Kedua. Mengajarkan emansipasi manusia dari nilai- nilai palsu yang bersumber pada hawa nafsu, gila kekuasaan, dan kesenangan- kesenangan sensual belaka.
Suatu kehidupan yang didedikasikan pada kelezatan sensual, kekuasaan, dan penumpukan kekayaan dapat mengeruhkan akal sehat dan mendistorsi pikiran jernih. Sebenarnya telah dengan tajam Al- Qur’an menyindir orang-orang seperti ini. “Terangkanlah kepadaku tentang orang yang menjadikan hawa nafsunya sebagai tuhannya. Maka apakah kamu dapat menjadi pemelihara atasnya? atau apakah kamu mengira bahwa kebanyakan mereka itu mendengar atau memahami. Mereka itu tidak lain, hanyalah seperti binatang ternak, bahkan mereka lebih sesat jalannya (dari binatang ternak itu)”. ( QS. Al- Furqon : 43-44).
Ketiga. Sebagai frame of thought dalam perkembangan ilmu pengetahuan dan teknologi.
Maksudnya ialah bahwa tauhid menjadi kerangka pemikiran dalam menemukan hakikat kebenaran mengenai segala yang ada di alam semesta ini pada seginya yang abstrak, potensial, maupun yang konkret. Namun kenyataannya umat muslim sekarang berada dalam suatu ironi ( keterbalikan) dimana kemiskinan, kelaparan dan kebodohan belum juga teratasi; jarak antara si kaya dengan si miskin semakin tajam; keadilan dan kejujuran semakin langka; seta kebenaran semakin mudah direkayasa di tengah – tengah perkembangan ilmu pengetahuan dan teknologi. Pada tujuan ilmu pengetahuan dan teknologi justru demi upaya pembebasan dan memudahkan manusia ( umat muslim khususnya) dalam menghadapi dan menyelesaikan masalah hidup mereka.
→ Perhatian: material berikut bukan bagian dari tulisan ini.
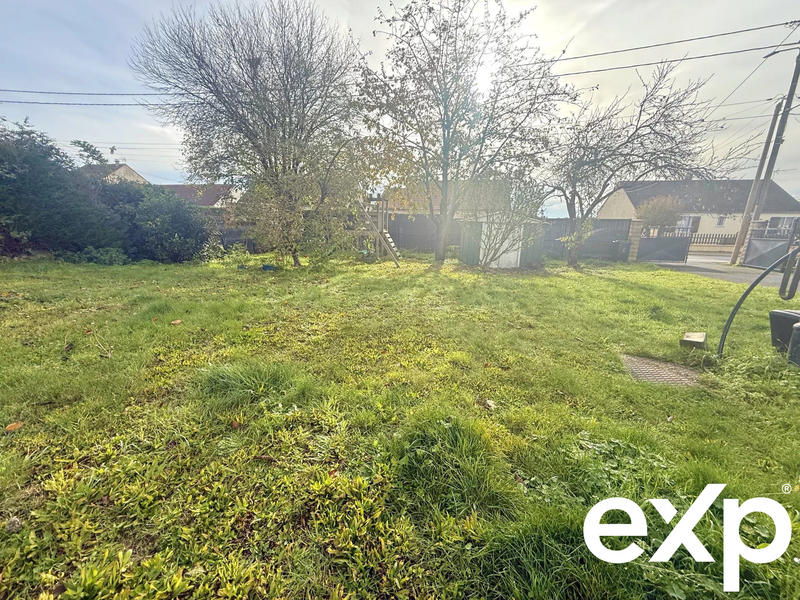 Maison - 155 m² - 6 pièces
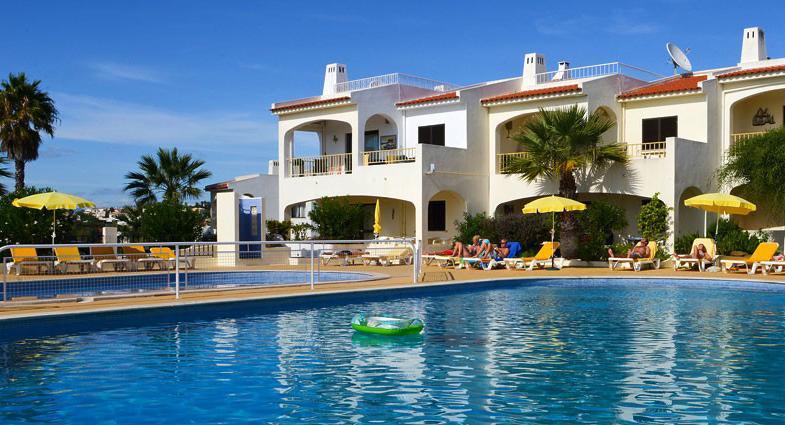Luxury Apartment Carvoeiro  Pokój zdjęcie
Keempat. Menjadikan Islam tumbuh sebagai kekuatan peradaban dunia.
Apabila tauhid direlasikan dengan ilmu pengetahuan maka dapat menjadikan islam tumbuh sebagai kekuatan peradaban dunia dan mampu menjembatani wilayah- wilayah peradaban local menjadi peradaban mondial karena tauhid merupakan paradigma dari metode ilmiah dalam seluruh wilayah ilmu pengetahuan umat islam. Sebagai bukti banyak ilmuan kelas dunia yang lahir dari dunia islam dan karya- karyanya telah menjadi bidan bagi kelahiran ilmu pengetahuan dan peradaban barat modern.
Kelima. Sebagai pondasi keimanan yang juga menjamin kebahagiaan dan kesejahteraan hidup seluruh umat manusia, ketika seluruh ajaran- ajarannya dilaksanakan secara konsisten.
Dengan menjadikan tauhid sebagai pegangan dalam hidup, serta merealisasikan perintah yag ada, maka akan terwujud suatu kebahagiaan serta kedamaian hidup yang tak terhingga. Karena telah di tanjapkan dalam hati bahwa tidak ada yang memiliki kekuatan maupun kekuasaan selain Ilahirabbi.
Keenam. Mengajarkan kepada umat islam supaya menjadikan Allah Jalla wa ‘Alasebagai pusat kesadaran intelektual mereka.
Dengan kata lain, bahwa semua aktivitas yang dilakukan maupun kejadian yang terjadi merupakan atas kehendak Allah Jalla wa ‘Ala, semua itu telah diatur dengan sempurna oleh-Nya. Karena Dia lah pemilik seluruh isi alam ini, Dia mengetahui segala hal yang ghoib ( abstrak) maupun yang dzohir, yang tersembunyi maupun yang tampak, Dia lah Tuhan yang patut untuk disembah dan tiada Tuhan selain Dia.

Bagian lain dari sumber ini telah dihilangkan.